Aim of the exercise — Copy exactly the lines from the one containing "Thumbnail 6 de" through the last line of the records, both included, and nothing more.

Short web captions —
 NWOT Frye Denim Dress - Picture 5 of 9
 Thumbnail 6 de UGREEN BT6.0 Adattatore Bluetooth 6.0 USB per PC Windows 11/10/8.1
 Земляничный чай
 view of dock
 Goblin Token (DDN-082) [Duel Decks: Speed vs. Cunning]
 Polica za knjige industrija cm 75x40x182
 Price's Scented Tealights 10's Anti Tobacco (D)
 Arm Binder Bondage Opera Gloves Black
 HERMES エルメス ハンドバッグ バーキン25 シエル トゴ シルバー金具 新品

Solution to this task —
 Thumbnail 6 de UGREEN BT6.0 Adattatore Bluetooth 6.0 USB per PC Windows 11/10/8.1
 Земляничный чай
 view of dock
 Goblin Token (DDN-082) [Duel Decks: Speed vs. Cunning]
 Polica za knjige industrija cm 75x40x182
 Price's Scented Tealights 10's Anti Tobacco (D)
 Arm Binder Bondage Opera Gloves Black
 HERMES エルメス ハンドバッグ バーキン25 シエル トゴ シルバー金具 新品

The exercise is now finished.